3-CHANNEL VIDEO/SOUND INSTALLATION. The video project Seven Marseille Morning Minutes includes both single and multi-channel versions. The three-channel installation is described below. Each version aims to explore the sensory experience of landscape, particularly as a function of the moving image. At the same time, these works seek to reflect critically and aesthetically—by visual and sonic means—on the complex connections between seriality, repetition, difference, simultaneity, and spatiality, as well as the effects these have on or through subjective spatial memory.


MAIN VIDEO CHANNEL:

Seven shots in succession, each 1 minute long, comprise the core of the main video, its first sequence. Six additional sequences ensue, with the original seven-image series repeated in further, successive, randomly ordered series (hence: the second sequence comprises 14 shots; the third, 21 shots; the fourth, 28 shots; and so on). With each successive sequence, the shot duration is reduced incrementally as the number of shots in each sequence increases…

…the foreshortening of shot duration is achieved by an effective increase in play-back speed for each shot, and the magnitude of this temporal compression is sufficient to reduce the total running time of each new sequence by precisely one minute. Hence, the seventh and final sequence consists of 49 shots (seven series of seven shots, each proceeding in random order), with each shot lasting exactly 1/49th of one minute (1.22 secs). The visual effect is that of time-lapse photography.


LATERAL VIDEO CHANNELS:

Four distinct shots will comprise each of the second and third video channels, respectively. Each of the four shots will last precisely seven minutes, for a total running time of 28 minutes (that is, the exact total running time of the video for Channel 1). Each of the four shots comprise static framings and subtle shifts in light, with slight physical movements of elements of mise-en-scène, such as the rustling of a mesh drapery or the fluttering of a shadow… 

seven marseille morning minutes: from the inside looking out…
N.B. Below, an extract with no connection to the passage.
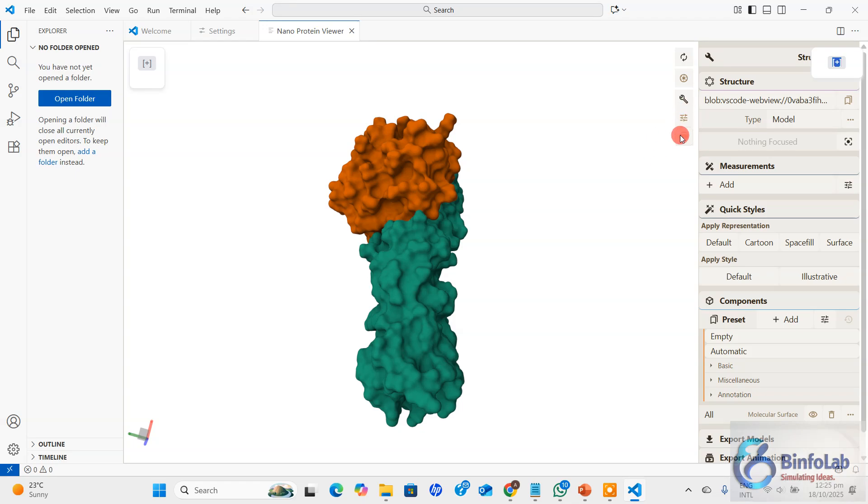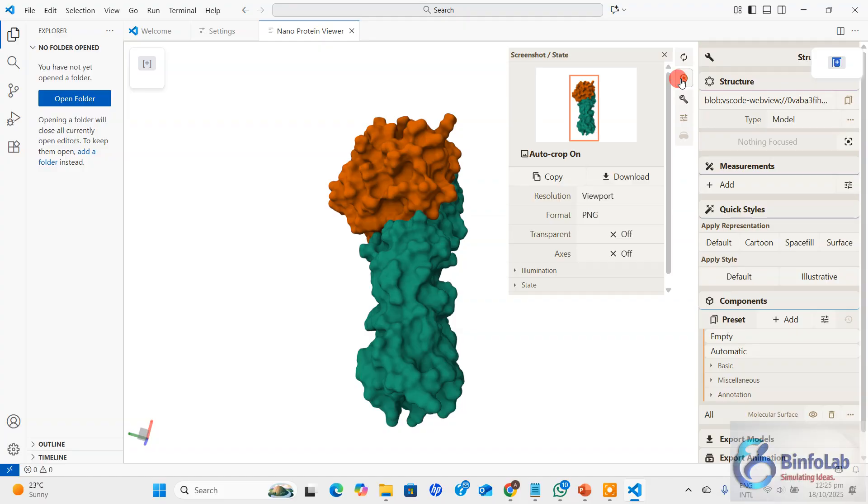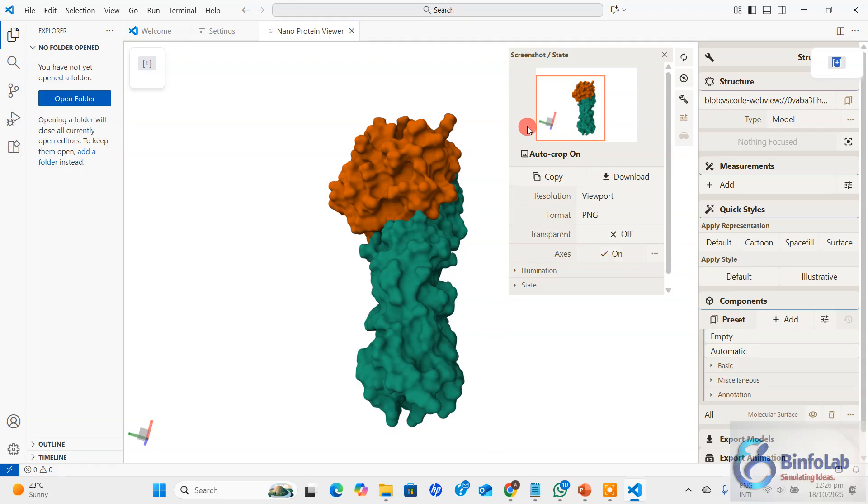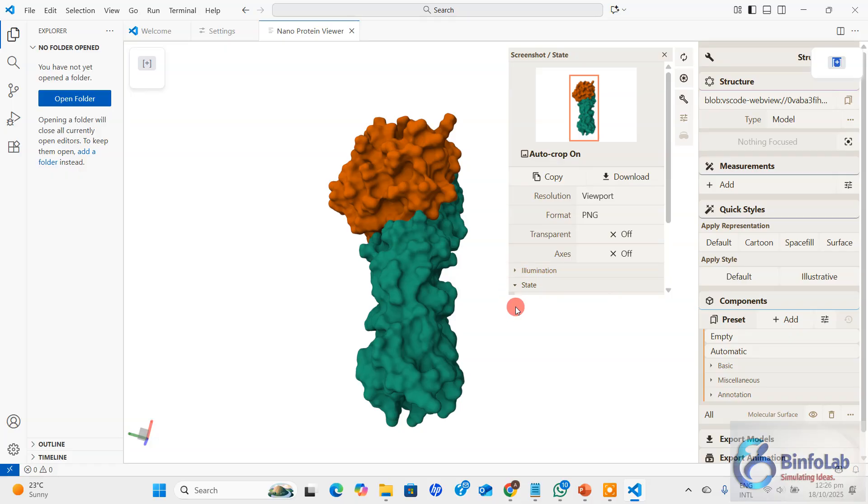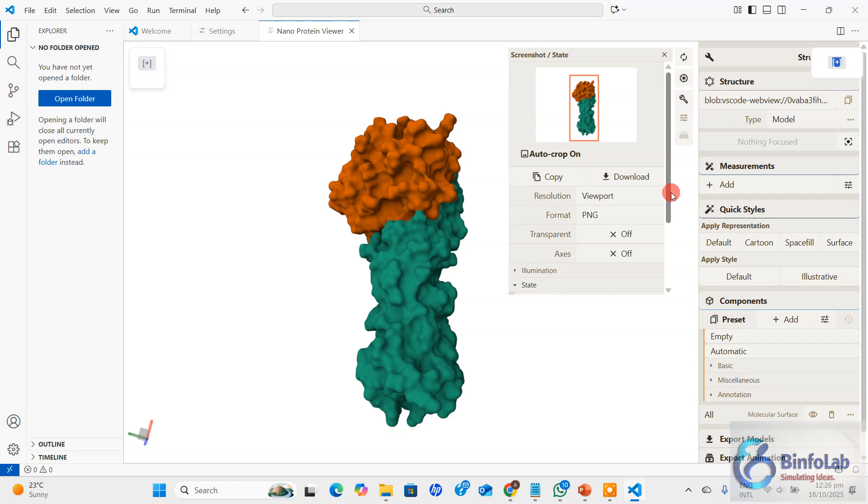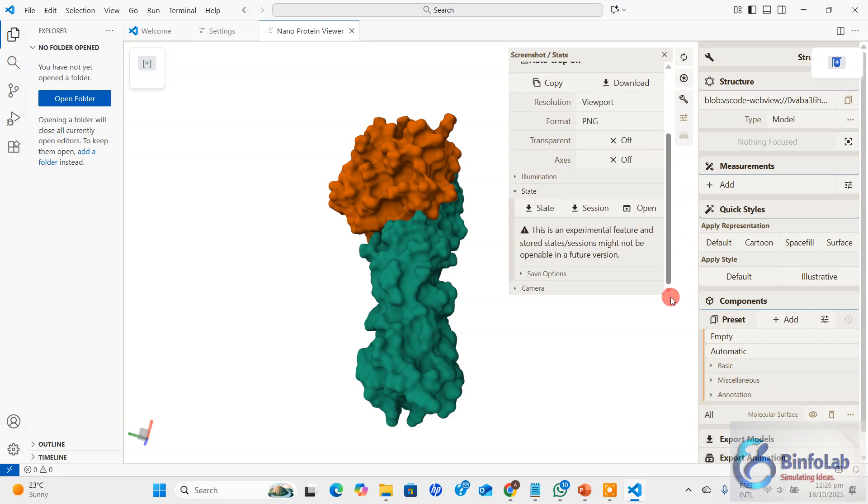Finally, let me wind up this video quickly. This one is the last option. Let's say I'm going to take a picture of it, a snapshot. Just click here and you will have a viewpoint, a resolution, PNG transparent background or not, axes you want to be included or not. It also tells you what state you want to save.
…seven marseille morning minutes: from the outside looking in

Throughout the simultaneous interplay of the three video channels, traces of human presence will effectively “haunt” the Marseille landscape beyond. Meanwhile, layers of ambient, scavenged, archival, and original sounds–some already recorded on-site in Marseille in 2013– will be united in a complex sonic environment, or soundscape, to augment the visual and mnemonic experience of landscape perception generated by the video installation.